Turning The Corner
Commercial real estate is finally coming back – just not at full speed, and with market changes on the horizon.
Bullish on Atlanta: Cousins Properties President and CEO Larry Gellerstedt
As 2013 was winding down, Atlanta was emerging from the Great Recession, bringing with it the city’s long-slumbering commercial real estate sector.
At the end of 2013’s second quarter, Atlanta’s nearly 144 million square feet of office space was showing a 21.5 percent vacancy rate, but submarkets like Buckhead and the Central Perimeter were doing better.
In fact, the research arm in the Atlanta offices of commercial real estate giant Newmark Grubb Knight Frank (NGKF), a New York-based global firm, was reporting office building vacancy rates had dropped below 20 percent in the Buckhead submarket for the first time since the 2009, with average rental rates of $24.84 per square foot recorded during that period, compared to first quarter rates of $24.96 for Class A office floor space.
Class A represents the highest quality of office construction and infrastructure. It typically attracts tenants willing to pay top rents, a perfect description for tenants sought by commercial real estate companies like Atlanta’s Cousins Properties. The firm has been changing the landscape and skyline of Georgia’s capital city for more than five decades, during which the company has put more than 20 million square feet of office floor space under roof. President and CEO Larry Gellerstedt is sounding like Cousins has no plans to slow down.
“Our primary product type is office, and office is driven by job growth,” Gellerstedt says. “Atlanta has recovered most of the office jobs it lost during the downturn, and all the indicators are showing it’s going to have about 2.6 percent job growth through 2017, while the U.S. as a whole is going to have about 1.8 percent. So we like Atlanta.”
Dave Watson is president of the Atlanta Commercial Board of Realtors, a professional association, and he is also a senior managing director at the NGKF offices.
“We have been in the bottom of a barrel, industrial-wise, for about four years running,” says Watson, who specializes in industrial real estate. “We saw some light last year, and we’re seeing more light this year.

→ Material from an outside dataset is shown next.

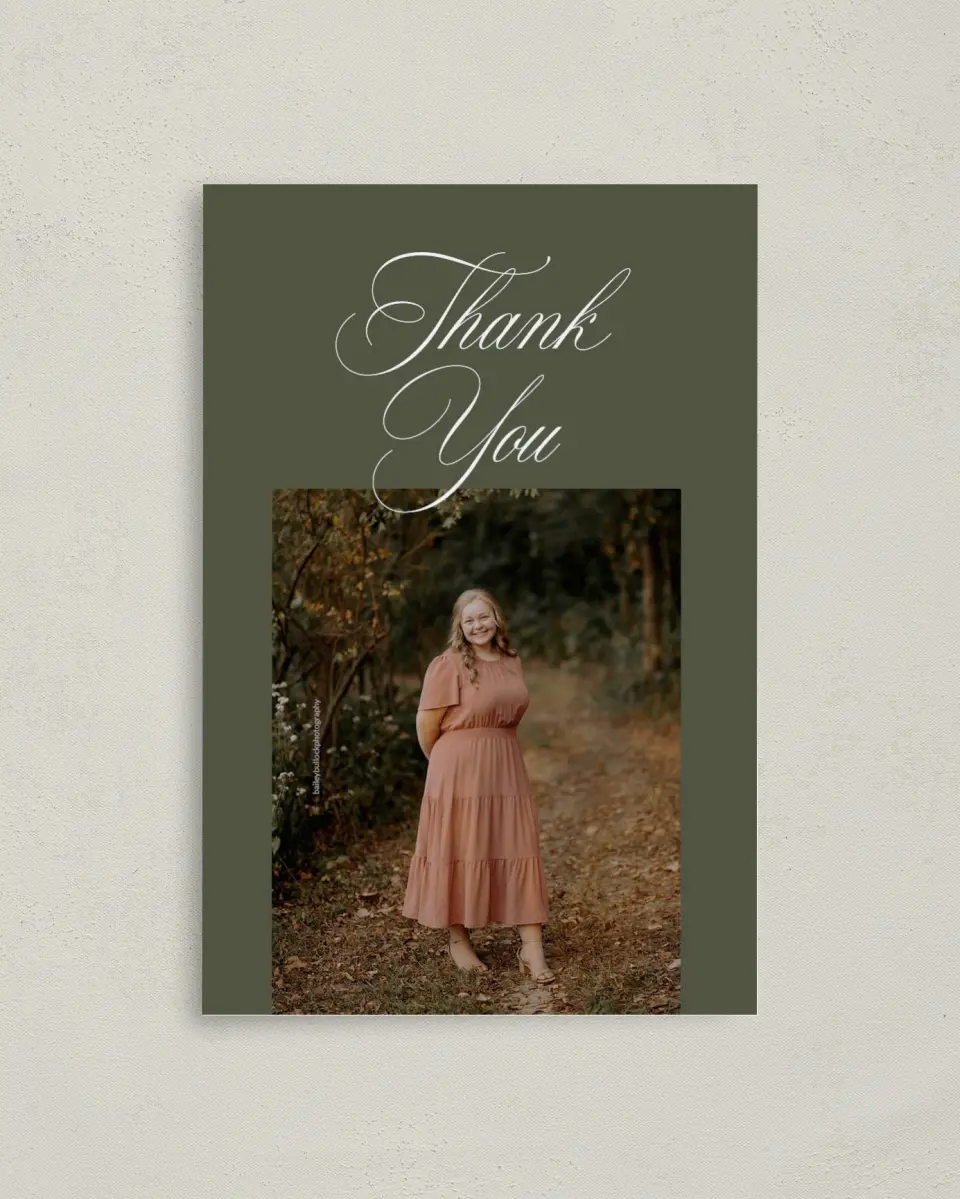 This is a 4" x 6" Folded Graduation Thank You Card called Refined Celebration printed in full color on Premium Smooth paper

Yes, we’ve turned the corner, but not at 90 miles an hour. The good news is the tenants that were leasing space are no longer filing for bankruptcy. And there are tenants that are expanding.”
Watson had more good news for commercial real estate’s future prospects. “What ties into industrial is residential [real estate], and residential is hotter than a firecracker right now,” he says. “Interest rates are below 3 percent, and people are buying houses like crazy. When people buy houses, they’ve got to get new countertops, washing machines, TVs, new rugs, and all those things are produced by industrial-type companies. My counterparts in Houston are going crazy [doing deals], and it’s the same in Chicago and L.A. and Denver. I think Atlanta is going to get there. Atlanta is going to take a little bit longer to come out of the hole, more so than other cities, I think, because of what happened to our residential [real estate] brethren.”
Scott Hazy, an audit shareholder in the Atlanta full-service CPA firm Bennett Thrasher, is constantly gathering data on commercial building construction projections, an important part of Atlanta’s economy. Hazy says he’s still cautiously optimistic about the sector’s future growth.
“It’s still slow,” he says of the economy emerging from the Great Recession. “But latest figures show that from June ‘12 to June ‘13 construction employment in Atlanta is up 5 percent overall, which is good,” says Hazy, who has followed commercial construction trends for more than 30 years. “The latest forecast with respect to commercial space and manufacturing [industrial] space is a projection of $253 million in new commercial real estate construction starts for 2013. It is slightly up from last year, which finished at $130 million,” he says, quoting data from McGraw Hill’s ENR magazine, southeast edition.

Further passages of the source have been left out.